All of that work lay in Hargrave’s future, however. Back in 1977 he was still trying to decide what to do with his first manuscript, The Arduin Grimoire (1977). In the end he published it himself as a 96-page digest-sized book. That same year, Hargrave emerged into the gaming field in a second way: he opened a game store called The Multiversal Trading Company in Concord, California. That’s probably what delayed the release of the next two Grimoires until the next year. They were Arduin Grimoire Vol. II: Welcome to Skull Tower (1978) and Arduin Grimoire Vol. III: The Runes of Doom (1978), each produced in the same format and all self-published. Together the three books have become known as The Arduin Trilogy.

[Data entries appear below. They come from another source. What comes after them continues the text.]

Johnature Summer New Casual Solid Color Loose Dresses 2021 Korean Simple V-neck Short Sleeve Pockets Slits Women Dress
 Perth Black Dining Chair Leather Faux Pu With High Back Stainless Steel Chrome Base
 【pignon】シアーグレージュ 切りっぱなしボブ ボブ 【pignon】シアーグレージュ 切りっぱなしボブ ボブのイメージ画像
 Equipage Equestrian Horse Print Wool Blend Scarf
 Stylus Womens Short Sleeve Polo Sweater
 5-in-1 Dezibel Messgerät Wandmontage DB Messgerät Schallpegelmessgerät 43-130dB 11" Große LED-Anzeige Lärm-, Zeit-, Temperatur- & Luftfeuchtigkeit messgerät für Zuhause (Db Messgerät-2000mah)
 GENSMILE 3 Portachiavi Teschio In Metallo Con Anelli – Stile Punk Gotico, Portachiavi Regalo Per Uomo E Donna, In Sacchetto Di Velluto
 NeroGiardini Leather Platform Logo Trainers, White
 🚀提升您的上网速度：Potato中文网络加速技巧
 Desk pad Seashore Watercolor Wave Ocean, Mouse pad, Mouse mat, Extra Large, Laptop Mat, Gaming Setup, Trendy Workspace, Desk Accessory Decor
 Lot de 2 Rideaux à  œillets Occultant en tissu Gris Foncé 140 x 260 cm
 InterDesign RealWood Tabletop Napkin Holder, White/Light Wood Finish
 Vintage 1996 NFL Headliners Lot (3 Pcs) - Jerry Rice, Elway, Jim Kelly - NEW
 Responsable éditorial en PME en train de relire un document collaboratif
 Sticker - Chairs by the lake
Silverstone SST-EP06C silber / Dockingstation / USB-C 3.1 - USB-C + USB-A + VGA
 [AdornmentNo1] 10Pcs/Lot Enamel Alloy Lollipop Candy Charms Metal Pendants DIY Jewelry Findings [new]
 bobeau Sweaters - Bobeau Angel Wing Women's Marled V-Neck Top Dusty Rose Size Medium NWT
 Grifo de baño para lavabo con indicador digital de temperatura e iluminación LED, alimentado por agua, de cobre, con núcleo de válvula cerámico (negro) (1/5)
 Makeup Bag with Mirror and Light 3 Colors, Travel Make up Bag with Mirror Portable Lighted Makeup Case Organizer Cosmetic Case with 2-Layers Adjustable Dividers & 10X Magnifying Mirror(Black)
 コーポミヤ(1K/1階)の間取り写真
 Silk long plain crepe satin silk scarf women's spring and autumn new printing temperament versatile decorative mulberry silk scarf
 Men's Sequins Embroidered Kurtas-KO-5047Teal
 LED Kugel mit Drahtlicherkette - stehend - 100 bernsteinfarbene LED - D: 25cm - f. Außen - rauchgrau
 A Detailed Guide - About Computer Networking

With those books published — though net yet by Grimoire Games — we can now take a moment to examine The Arduin Trilogy and its place in gaming history.
By early 1977, there were about a dozen RPGs on the market, but D&D was clearly the market leader. As a result, third parties had begun supplementing the game, with the most notable early supplements including Wee Warrior’s The Character Archaic (1975) and Palace of the Vampire Queen (1976), Little Soldier’s The Book of Monsters (1976) and The Book of Demons (1976), and Judges Guild’s City-State of the Invincible Overlord (1976) and Dungeon Tac Reference Cards (1976). It would be 1977 or 1978 before “generic fantasy” supplements intended for D&D really started to proliferate, but even then most would fit into the categories defined by these early publishers: accessories (like The Character Archaic), adventures (like Palace), monsters manuals (like Little Soldier’s Books), and setting books (like City-State).
Meanwhile, TSR was publishing a totally different sort of supplement: rules expansions. In the same time period, they put out Supplement I: Greyhawk (1975), Supplement II: Blackmoor (1975), and Supplement III: Eldritch Wizardry (1976). These supplements included new classes, new spells, new artifacts, and generally new rules — and almost none of the third-party publishers were duplicating them. Little Soldier did present some black magic rules in The Book of Demons, but that was a rare and much more focused exception. Enter The Arduin Trilogy, which was about to fill a niche among (unofficial) third-party D&D publishers that no one even realized was there.
Today we’d probably define The Arduin Trilogy as a collection of rather “gonzo” house rules.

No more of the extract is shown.